For its 250th anniversary, San Diego gets an update

The Horton Plaza shopping center in downtown San Diego is being converted into a creative-office complex by developer Stockdale Capital Partners. (Courtesy EYRC Architects and RCH Studios)

This is the third article of AN‘s July/August 2019 print edition feature focused on development. The first, “A new breed of skyscraper threatens to devastate the fabric of New York,” can be read here. The second, “Why the developer’s vision matters in the experience economy,” can be read here.

As it celebrates the 250th anniversary of its founding this year, San Diego is rethinking past projects, planning billions of dollars’ worth of new projects, and coping with a housing shortage that is making it one of the nation’s least affordable markets.

The most significant project on the boards is the redevelopment planned for Horton Plaza shopping center, a 1985 postmodernist downtown mall designed by Jon Jerde. But there are many other megaprojects under construction or in the offing throughout this county of 3.3 million residents.
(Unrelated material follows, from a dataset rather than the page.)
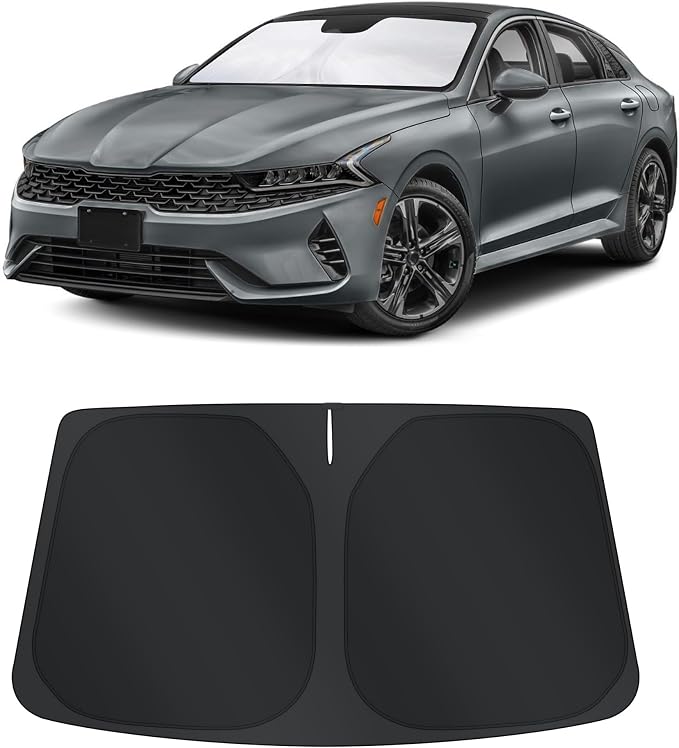 TINGLU Sun Shade for Hyundai Sonata 2021-2024 2025 2026 Kia K5/2020-2026 Accessories Windshield Sun Shade Window Shade UV Rays Protection Sun Visor Cover with Steering Wheel Sunshade Storage Bag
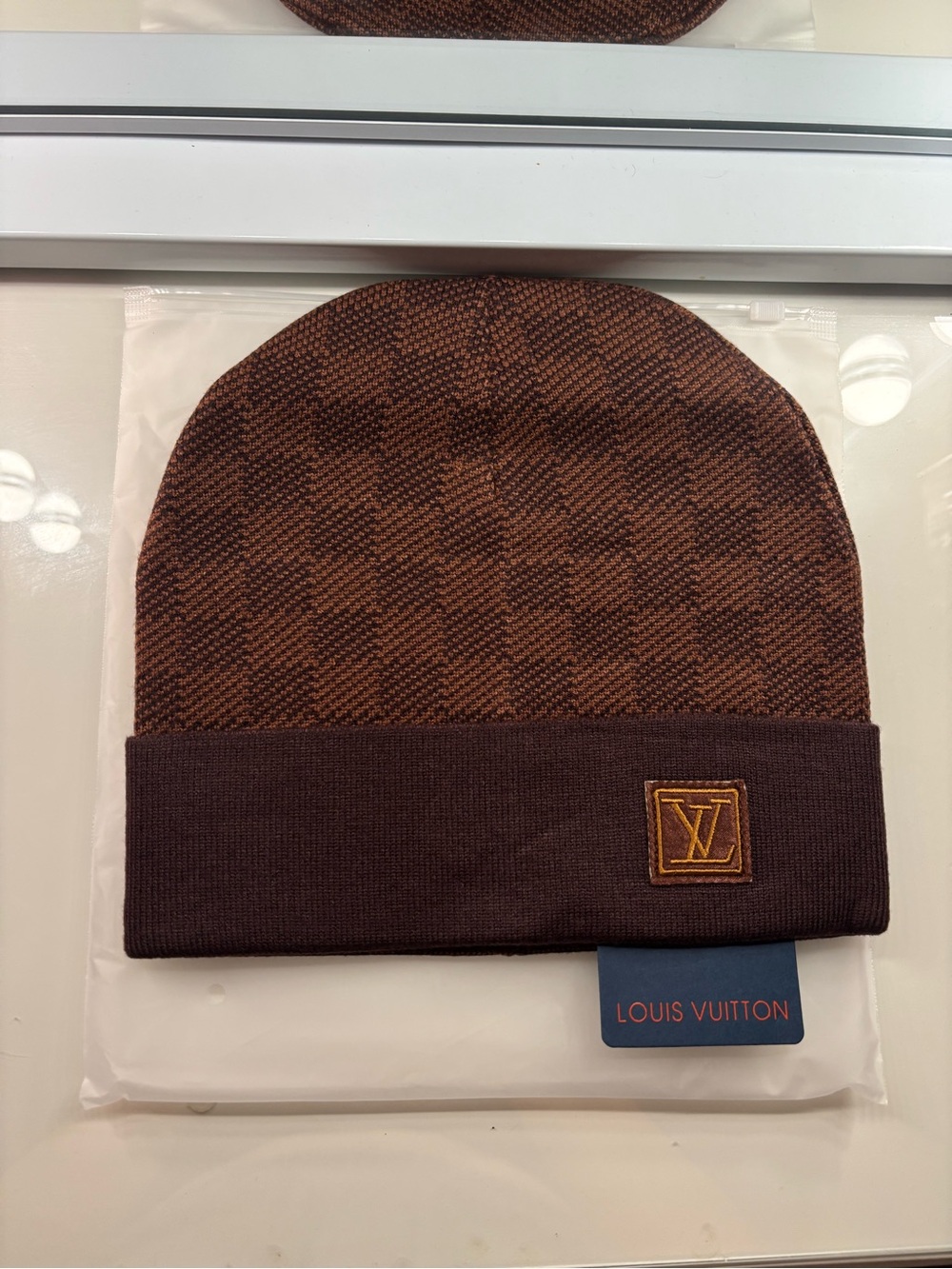 Louis Vuitton Brown Checkerboard Cuffed Beanie with LV Patch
Laura Warner, an architect who moved from the San Francisco Bay Area in the 1980s, watches all this action from her perch as cochair of the San Diego Architectural Foundation’s Orchids & Onions program. This 43-year-old education effort celebrates the good and shames the bad in local building, landscape, planning, and historic preservation projects.

“We’ve got some really well crafted, well designed, and well detailed buildings that are places that people like to go to, where they want to create memories,” Warner said.

San Diego’s architectural zeitgeist goes back to its founding in 1769 by Spanish colonizers intent on protecting the area from European rivals and the local Kumeyaay population. The colonists introduced new building techniques, laid out towns as required by Spain’s “Laws of the Indies,” and built adobe and stucco ranch houses that remain the local go-to style, especially for residential development.

The city’s iconic buildings and structures include the Mission San Diego de Alcalá, Reid & Reid’s 1888 Hotel del Coronado, the 1915 Panama-California Exposition grounds in Balboa Park, the 1920s Navy and Marine Corps bases, the 1938 County Administration Center on the downtown waterfront, Louis Kahn’s 1964 Salk Institute, and William Pereira’s 1970 Geisel Library at the University of California, San Diego, campus.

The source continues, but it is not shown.